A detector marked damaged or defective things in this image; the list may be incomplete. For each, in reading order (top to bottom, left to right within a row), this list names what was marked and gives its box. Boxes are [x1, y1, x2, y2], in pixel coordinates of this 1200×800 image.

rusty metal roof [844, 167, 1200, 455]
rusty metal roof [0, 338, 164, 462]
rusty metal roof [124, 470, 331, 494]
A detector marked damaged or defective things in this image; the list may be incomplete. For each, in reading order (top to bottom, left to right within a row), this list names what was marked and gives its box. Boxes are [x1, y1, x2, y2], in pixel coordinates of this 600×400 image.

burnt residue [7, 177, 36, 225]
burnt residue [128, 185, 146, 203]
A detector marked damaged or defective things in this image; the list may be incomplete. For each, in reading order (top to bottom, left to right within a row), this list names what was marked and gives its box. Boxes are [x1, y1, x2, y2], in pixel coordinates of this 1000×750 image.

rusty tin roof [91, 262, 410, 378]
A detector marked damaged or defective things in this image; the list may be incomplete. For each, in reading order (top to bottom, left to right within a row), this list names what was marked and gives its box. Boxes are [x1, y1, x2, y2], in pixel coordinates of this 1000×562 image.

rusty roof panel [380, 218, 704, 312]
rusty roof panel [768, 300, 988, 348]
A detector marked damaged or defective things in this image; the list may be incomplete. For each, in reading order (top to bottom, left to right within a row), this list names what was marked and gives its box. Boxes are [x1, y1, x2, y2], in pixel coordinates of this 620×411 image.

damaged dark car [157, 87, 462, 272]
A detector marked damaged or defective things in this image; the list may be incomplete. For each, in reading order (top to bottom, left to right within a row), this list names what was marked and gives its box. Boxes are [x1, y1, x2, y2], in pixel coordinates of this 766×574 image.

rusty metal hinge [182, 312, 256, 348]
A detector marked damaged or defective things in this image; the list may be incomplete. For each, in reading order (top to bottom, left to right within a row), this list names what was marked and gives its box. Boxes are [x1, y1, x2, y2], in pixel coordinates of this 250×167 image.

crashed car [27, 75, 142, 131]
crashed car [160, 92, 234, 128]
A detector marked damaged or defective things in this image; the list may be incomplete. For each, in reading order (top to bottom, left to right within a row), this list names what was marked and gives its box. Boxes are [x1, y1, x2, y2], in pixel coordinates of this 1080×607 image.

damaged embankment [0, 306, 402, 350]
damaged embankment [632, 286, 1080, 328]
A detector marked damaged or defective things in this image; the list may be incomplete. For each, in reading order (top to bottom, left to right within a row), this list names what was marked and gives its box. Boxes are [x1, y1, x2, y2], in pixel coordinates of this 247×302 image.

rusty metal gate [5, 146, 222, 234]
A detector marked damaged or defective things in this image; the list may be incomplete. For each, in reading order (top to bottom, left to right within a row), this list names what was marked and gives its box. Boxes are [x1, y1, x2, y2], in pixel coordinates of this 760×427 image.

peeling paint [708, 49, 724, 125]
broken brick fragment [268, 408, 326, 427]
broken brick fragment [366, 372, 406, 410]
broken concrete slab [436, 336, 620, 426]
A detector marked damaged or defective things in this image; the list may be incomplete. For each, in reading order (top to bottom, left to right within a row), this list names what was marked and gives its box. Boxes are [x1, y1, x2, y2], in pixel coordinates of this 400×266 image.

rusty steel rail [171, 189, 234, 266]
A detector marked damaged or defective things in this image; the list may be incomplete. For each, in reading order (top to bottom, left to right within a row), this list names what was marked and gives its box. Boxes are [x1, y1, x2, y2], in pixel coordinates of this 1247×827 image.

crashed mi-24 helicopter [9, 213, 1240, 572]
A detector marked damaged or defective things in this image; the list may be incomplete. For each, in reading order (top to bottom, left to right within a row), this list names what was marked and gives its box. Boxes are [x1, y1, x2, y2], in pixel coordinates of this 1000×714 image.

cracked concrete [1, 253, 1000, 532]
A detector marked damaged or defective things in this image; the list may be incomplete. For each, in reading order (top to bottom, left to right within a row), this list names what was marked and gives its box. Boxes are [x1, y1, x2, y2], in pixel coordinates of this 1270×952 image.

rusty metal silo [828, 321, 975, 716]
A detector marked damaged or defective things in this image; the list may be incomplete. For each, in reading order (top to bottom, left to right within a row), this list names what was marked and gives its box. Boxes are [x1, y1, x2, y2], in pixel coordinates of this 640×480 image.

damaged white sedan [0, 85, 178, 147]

_ _ _

■ Task statement
Please reproduce the material in its entirety, exactly as it stands.

■ Answer section
A detector marked damaged or defective things in this image; the list may be incomplete. For each, in reading order (top to bottom, left to right within a row), this list names what was marked and gives its box. Boxes are [x1, y1, x2, y2], in pixel coordinates of this 1200×800 image.

rusty metal roof [844, 167, 1200, 455]
rusty metal roof [0, 338, 164, 462]
rusty metal roof [124, 470, 331, 494]
A detector marked damaged or defective things in this image; the list may be incomplete. For each, in reading order (top to bottom, left to right within a row), this list names what was marked and gives its box. Boxes are [x1, y1, x2, y2], in pixel coordinates of this 600×400 image.

burnt residue [7, 177, 36, 225]
burnt residue [128, 185, 146, 203]
A detector marked damaged or defective things in this image; the list may be incomplete. For each, in reading order (top to bottom, left to right within a row), this list names what was marked and gives its box. Boxes are [x1, y1, x2, y2], in pixel coordinates of this 1000×750 image.

rusty tin roof [91, 262, 410, 378]
A detector marked damaged or defective things in this image; the list may be incomplete. For each, in reading order (top to bottom, left to right within a row), this list names what was marked and gives its box. Boxes are [x1, y1, x2, y2], in pixel coordinates of this 1000×562 image.

rusty roof panel [380, 218, 704, 312]
rusty roof panel [768, 300, 988, 348]
A detector marked damaged or defective things in this image; the list may be incomplete. For each, in reading order (top to bottom, left to right within a row), this list names what was marked and gives its box. Boxes are [x1, y1, x2, y2], in pixel coordinates of this 620×411 image.

damaged dark car [157, 87, 462, 272]
A detector marked damaged or defective things in this image; the list may be incomplete. For each, in reading order (top to bottom, left to right within a row), this list names what was marked and gives its box. Boxes are [x1, y1, x2, y2], in pixel coordinates of this 766×574 image.

rusty metal hinge [182, 312, 256, 348]
A detector marked damaged or defective things in this image; the list may be incomplete. For each, in reading order (top to bottom, left to right within a row), this list names what was marked and gives its box. Boxes are [x1, y1, x2, y2], in pixel coordinates of this 250×167 image.

crashed car [27, 75, 142, 131]
crashed car [160, 92, 234, 128]
A detector marked damaged or defective things in this image; the list may be incomplete. For each, in reading order (top to bottom, left to right within a row), this list names what was marked and gives its box. Boxes are [x1, y1, x2, y2], in pixel coordinates of this 1080×607 image.

damaged embankment [0, 306, 402, 350]
damaged embankment [632, 286, 1080, 328]
A detector marked damaged or defective things in this image; the list may be incomplete. For each, in reading order (top to bottom, left to right within a row), this list names what was marked and gives its box. Boxes are [x1, y1, x2, y2], in pixel coordinates of this 247×302 image.

rusty metal gate [5, 146, 222, 234]
A detector marked damaged or defective things in this image; the list may be incomplete. For each, in reading order (top to bottom, left to right within a row), this list names what was marked and gives its box. Boxes are [x1, y1, x2, y2], in pixel coordinates of this 760×427 image.

peeling paint [708, 49, 724, 125]
broken brick fragment [268, 408, 326, 427]
broken brick fragment [366, 372, 406, 410]
broken concrete slab [436, 336, 620, 426]
A detector marked damaged or defective things in this image; the list may be incomplete. For each, in reading order (top to bottom, left to right within a row), this list names what was marked and gives its box. Boxes are [x1, y1, x2, y2], in pixel coordinates of this 400×266 image.

rusty steel rail [171, 189, 234, 266]
A detector marked damaged or defective things in this image; the list may be incomplete. For each, in reading order (top to bottom, left to right within a row), this list names what was marked and gives its box. Boxes are [x1, y1, x2, y2], in pixel coordinates of this 1247×827 image.

crashed mi-24 helicopter [9, 213, 1240, 572]
A detector marked damaged or defective things in this image; the list may be incomplete. For each, in reading order (top to bottom, left to right within a row), this list names what was marked and gives its box. Boxes are [x1, y1, x2, y2], in pixel coordinates of this 1000×714 image.

cracked concrete [1, 253, 1000, 532]
A detector marked damaged or defective things in this image; the list may be incomplete. For each, in reading order (top to bottom, left to right within a row), this list names what was marked and gives its box. Boxes are [x1, y1, x2, y2], in pixel coordinates of this 1270×952 image.

rusty metal silo [828, 321, 975, 716]
A detector marked damaged or defective things in this image; the list may be incomplete. For each, in reading order (top to bottom, left to right within a row), this list names what was marked and gives its box. Boxes are [x1, y1, x2, y2], in pixel coordinates of this 640×480 image.

damaged white sedan [0, 85, 178, 147]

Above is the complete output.